Anna
Updated :
We’ve been asked this question so many times that we thought you might be interested in math, leading to this bold statement.
This story started when we first demoed the eVscope 1's proof-of-concept at star parties. There, amateur astronomers with their own telescopes told us that, with our system, you were observing deep-sky objects as well as, or sometimes better than, with a 1m telescope. Compared to our 114mm telescope, this meant the EVSCOPE was at least as powerful as a telescope collecting 100 times more light.
We then did our own maths to turn this feeling into a fact. The limit in magnitude with the eVscope is 18.2 in visible from San Francisco. We measured this directly from downtown through our observations with the EVSCOPE's proof-of-concept (pre-prototype). It’s, therefore, a conservative estimate.

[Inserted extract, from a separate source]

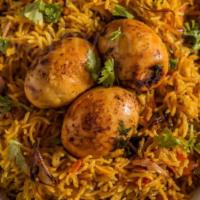 Egg Biryani. · Aromatic Basmati rice with boiled eggs and spices steamed together.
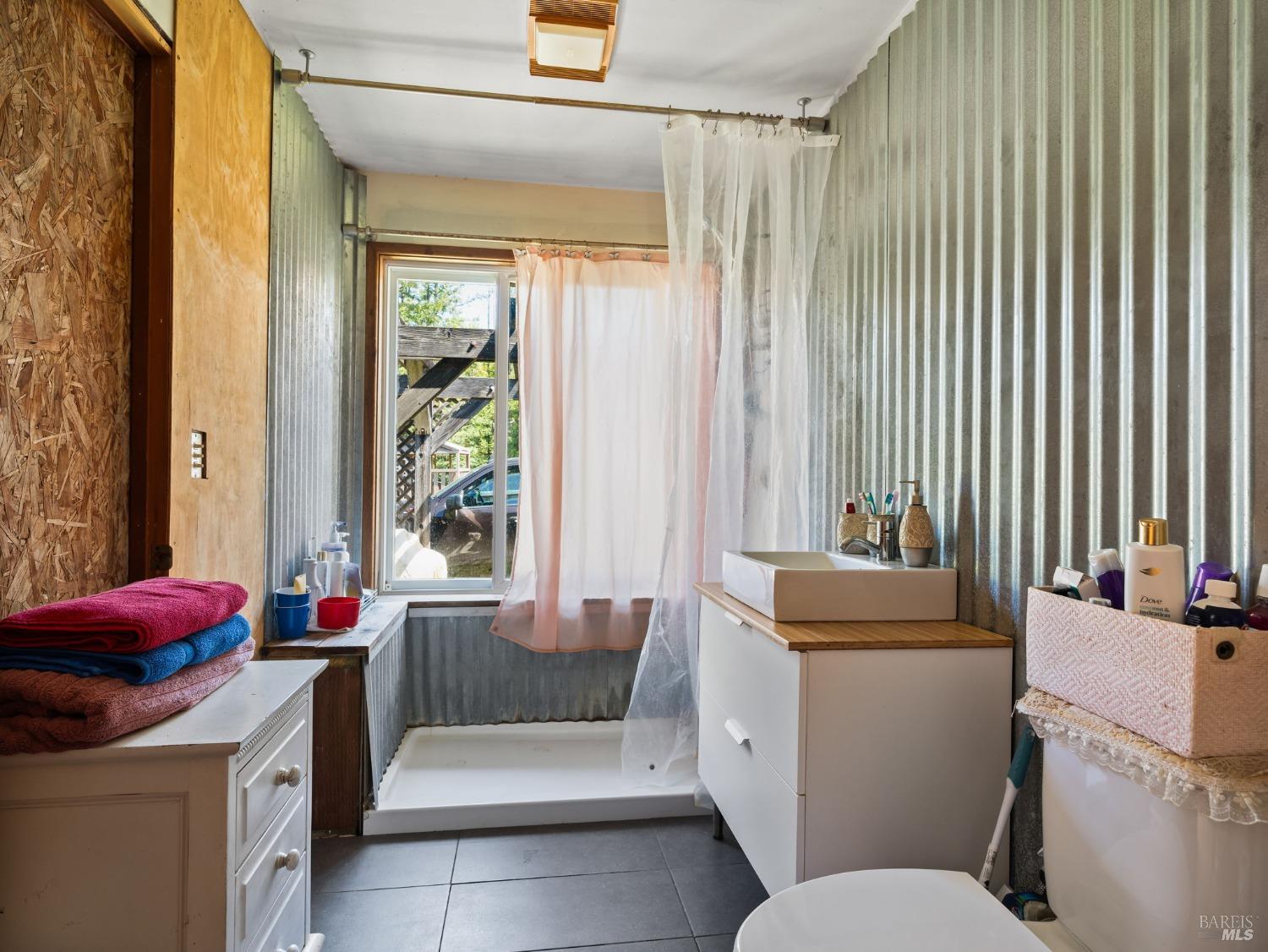 1550 Guntly Road Philo, CA 95466 - Photo 18 of 23 a living room with a couch and a dining table next to a window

In San Francisco, we can see the zenith stars with a magnitude of less than 2 (visual magnitude limit). We then used Scopecity's calculator, which is based on a Bradley Schaefer program that calculates the limiting stellar magnitude an observer can expect to see with various types and sizes of telescopes, and under different conditions. It is fully discussed in Sky & Telescope magazine, November 1989, page 522, and is now an online tool vetted by an amateur astronomer (Of course, there is a long debate about magnitude limit calculation with telescope https://www.cloudynights.com/topic/402886-magnitude-visible-by-telescope/ ).
We calculated what would be the magnitude limit for the same size telescope (4.5” reflector) with a resolution power of 150 and with the following parameters (age 35, extinction coefficient 0.4, seeing of 3 arcsec (which is what we have in cities)).
This turned into a theoretical limiting magnitude of 10.94 for a standard telescope, leading to a 4.86 gain in magnitude with the eVscope. Note that it’s again a conservative estimate. Here, we compare a measured magnitude (for the eVscope ) and a theoretical magnitude (the Scopecity tool). The theory is usually more optimistic than the measure.
We translated this magnitude difference into a flux ratio, which accurately describes the intensity of your observation experience. We then got a result of 87.9. As this whole calculation relies on conservative estimates and on a proof-of-concept less efficient than the final product, we serenely decided to claim that the eVscope to be shipped will be 100 times more powerful than a normal telescope.
Science is, in essence, debatable, and obviously, our estimate is, but when we say the eVscope is 100 times more potent than a standard telescope, we mean it.